I'm doing better now, fortunately. That's how it goes: eventually the fog starts to lift, and all of my coping tools start to work better, and given enough time I'll get back to normal. But the problem is that it happens at all. Bad things are going to happen in life, actual bad things, and I need to be able to deal with them. I can't just fall to fucking pieces every time there's a mere possibility of something having gone wrong. That's not a viable way to live. I can't put myself through that, I can't put the people around me through that. It's too fucking hard.
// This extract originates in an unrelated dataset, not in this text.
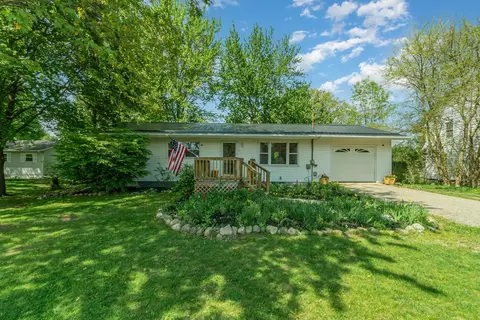 873 E Remus, Mount Pleasant, MI 48858 photo 4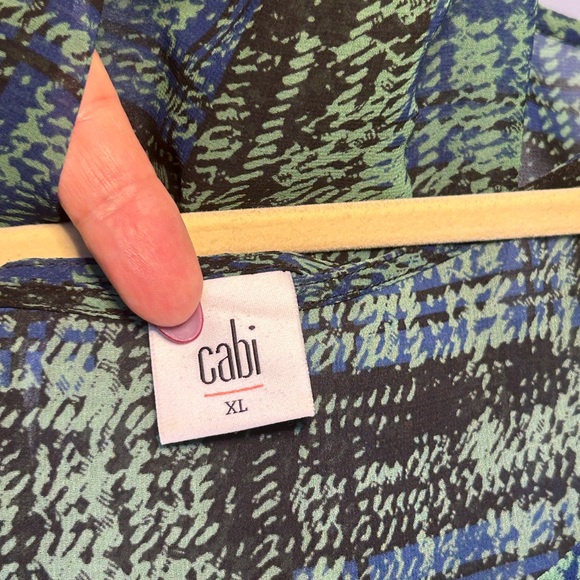 Cabi layered navy and green blouse with Cami underneath - Picture 5 of 5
...Which is why I've started on daily anti-anxiety meds. I fought this for a long time. I have no problem with the idea of head meds (though I do believe that they're over-prescribed - especially Stateside, of course - because insurance companies would rather pony up for medication than for long-term therapy), and I've seen them work wonders for other people. But when it came to signing up for it myself... yeah, no. I didn't want to do it AT ALL. I didn't want to take anything that might fuck with my head. I live in my head all the time, ALL the time, and I was really afraid that I might lose that piece of me somehow.
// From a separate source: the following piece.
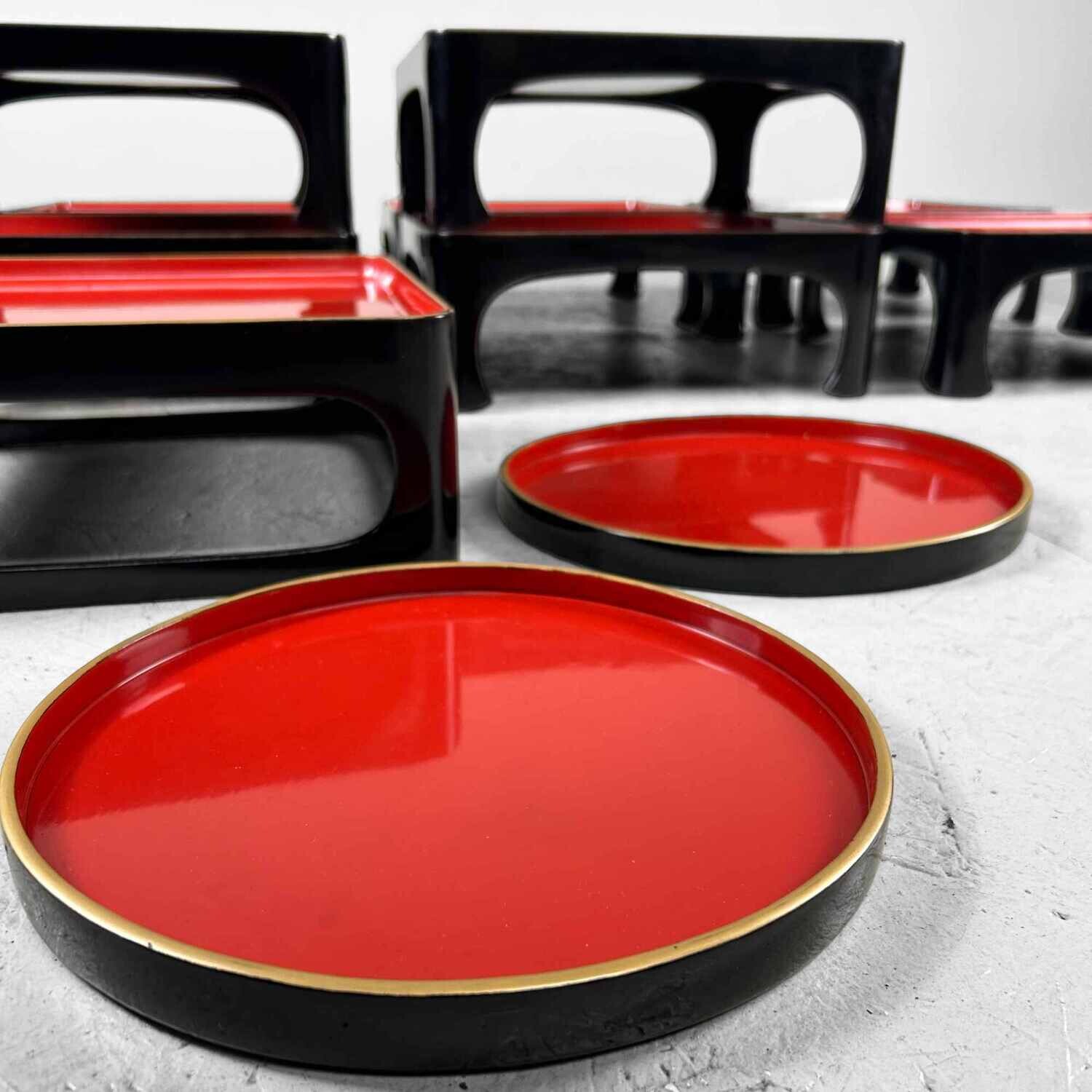 Set (11) Urushi Lakwerk Serveertafels, Taishō-periode, Japan.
For a long time I was able to manage my occasional anxiety attack with propranolol, which is a heart medicine that can also be used to treat the physiological symptoms of anxiety. Once I had the physical stuff in check, I could usually intervene with my logical brain and start using those tools to fix the kinks. It was nice: I only used it when I needed it; it didn't have any weird side effects; and it didn't change anything in my head. I was still in control of that aspect myself.

But this last time the propranolol didn't work. I was taking as much as I could, and I'd physically relax a bit, but I couldn't get my head together no matter what else I tried. And even though now I'm feeling better, I'm afraid of what will happen next time something triggers me. Which is as good an indication as I could ask for that it's time for me to try something else.

So... I'm trying. I started on Celexa, but after only three days I was having wild side effects from it so we left it cheerfully behind. I'm now on Wellbutrin, and it seems to be going much better. I can't say that I've felt a major breakthrough, but I'm at least not feeling worse, so that's a step in the right direction. I'm on a very low dose to start with, so it may be that I'll feel more of a positive effect when the dosage goes up; if I don't, I'll try something else.

But here's hoping that I will, because I'm looking forward to finding some fucking peace. One of the worst things about anxiety, when it gets that unmanageable, is that I never feel rested. I'm on overdrive all the time, and even my comparatively calm moments aren't nearly calm enough to let me relax properly. Right now I feel pretty good; yesterday I felt pretty good; last night I was shaky and tense for no apparent reason. I can't trust that the good times will last, and that's hard. I would like to be able to enjoy the good times without feeling like something horrible is inevitably lurking just over the horizon.

Well, I guess that's that. I hope this wasn't too much of an overshare, but I wanted to explain why I'd dropped off the face of the earth, and I decided that it wasn't worth trying to cover with fibs or vagaries. So... thanks for listening. You're a lot cheaper than my regular therapist.

*****

In other and much funnier news, Colleen and I were driving through Mattapan (a very high-crime neighbourhood) the other day, and we saw a billboard that read:

'Murder... it's not okay'

And that, ladies and gentlemen, is how you know that gentrification has failed.